> _Supplied data_:
▬▬▬▬▬▬▬▬▬▬

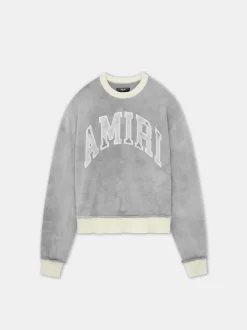 AMIRI VINTAGE CASHMERE CREW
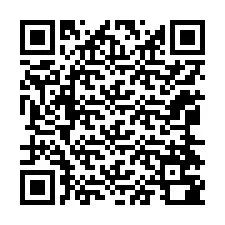 QR-код для номера телефона +12064780685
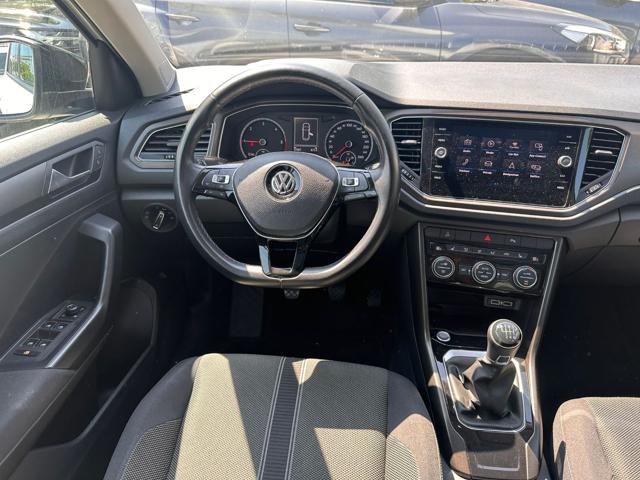VOLKSWAGEN T-Roc usata, con ESP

▬▬▬▬▬▬▬▬▬▬

> _Problem description_: Write out exactly, and only, the lines running from the line with "QR-код для номера телефона +12064780685" to the last line above, both included, with all pictures omitted.

> _Answer below_:
 QR-код для номера телефона +12064780685
VOLKSWAGEN T-Roc usata, con ESP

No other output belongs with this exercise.